» Saved data entries
BEGIN
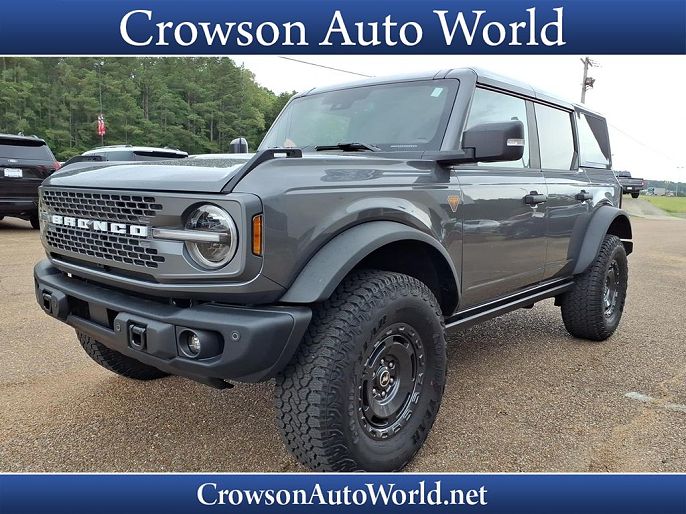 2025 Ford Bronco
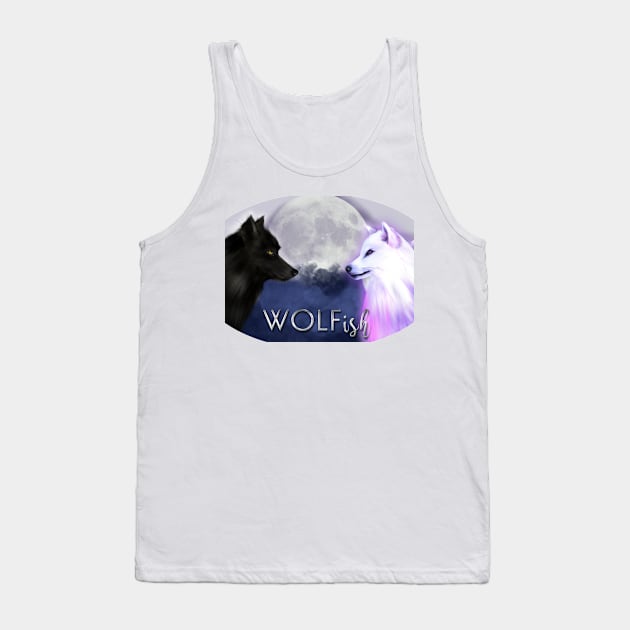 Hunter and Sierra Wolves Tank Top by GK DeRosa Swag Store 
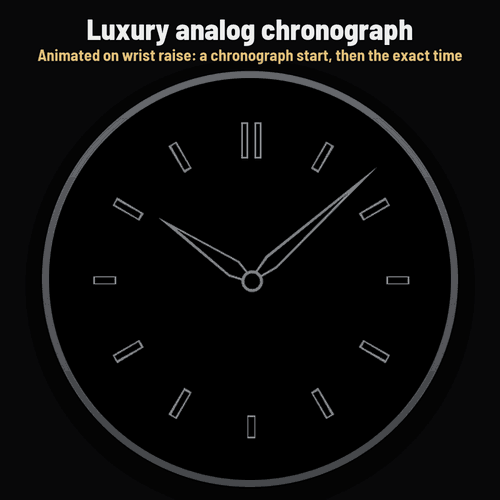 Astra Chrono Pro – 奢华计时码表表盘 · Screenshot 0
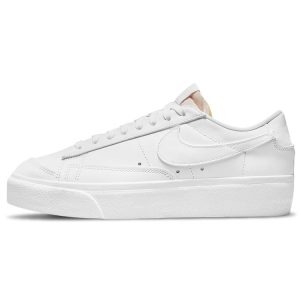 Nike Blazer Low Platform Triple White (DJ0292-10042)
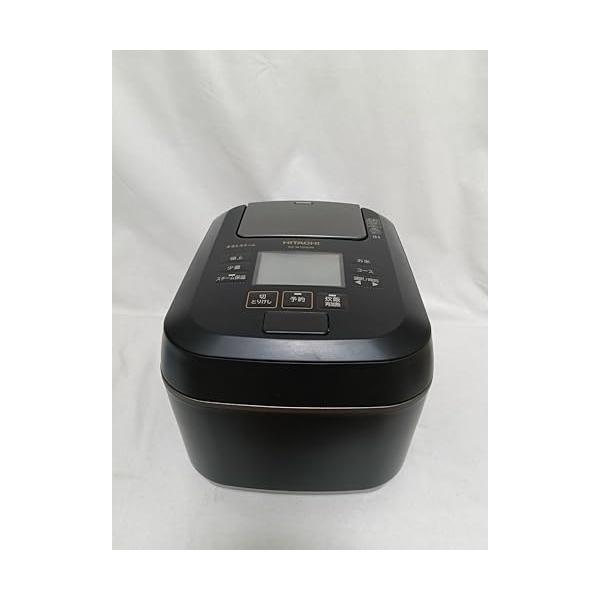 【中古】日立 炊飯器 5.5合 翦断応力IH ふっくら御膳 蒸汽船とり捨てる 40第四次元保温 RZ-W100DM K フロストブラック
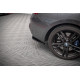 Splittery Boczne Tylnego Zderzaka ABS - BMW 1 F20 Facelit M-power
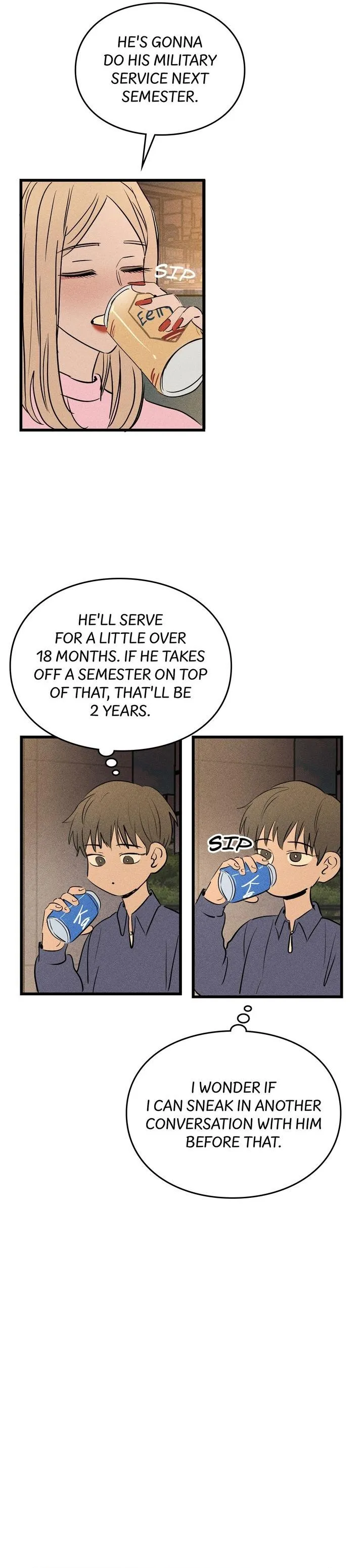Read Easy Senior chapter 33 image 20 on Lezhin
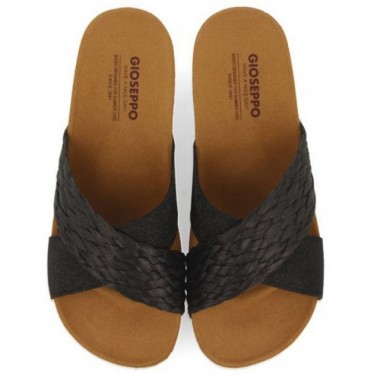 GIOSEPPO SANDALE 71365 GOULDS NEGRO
END
» THE PROBLEM
Above are the records; give them all again exactly, apart from the pictures.

» ANSWER TO THE PROBLEM
 2025 Ford Bronco
 Hunter and Sierra Wolves Tank Top by GK DeRosa Swag Store 
 Astra Chrono Pro – 奢华计时码表表盘 · Screenshot 0
 Nike Blazer Low Platform Triple White (DJ0292-10042)
 【中古】日立 炊飯器 5.5合 翦断応力IH ふっくら御膳 蒸汽船とり捨てる 40第四次元保温 RZ-W100DM K フロストブラック
 Splittery Boczne Tylnego Zderzaka ABS - BMW 1 F20 Facelit M-power
Read Easy Senior chapter 33 image 20 on Lezhin
 GIOSEPPO SANDALE 71365 GOULDS NEGRO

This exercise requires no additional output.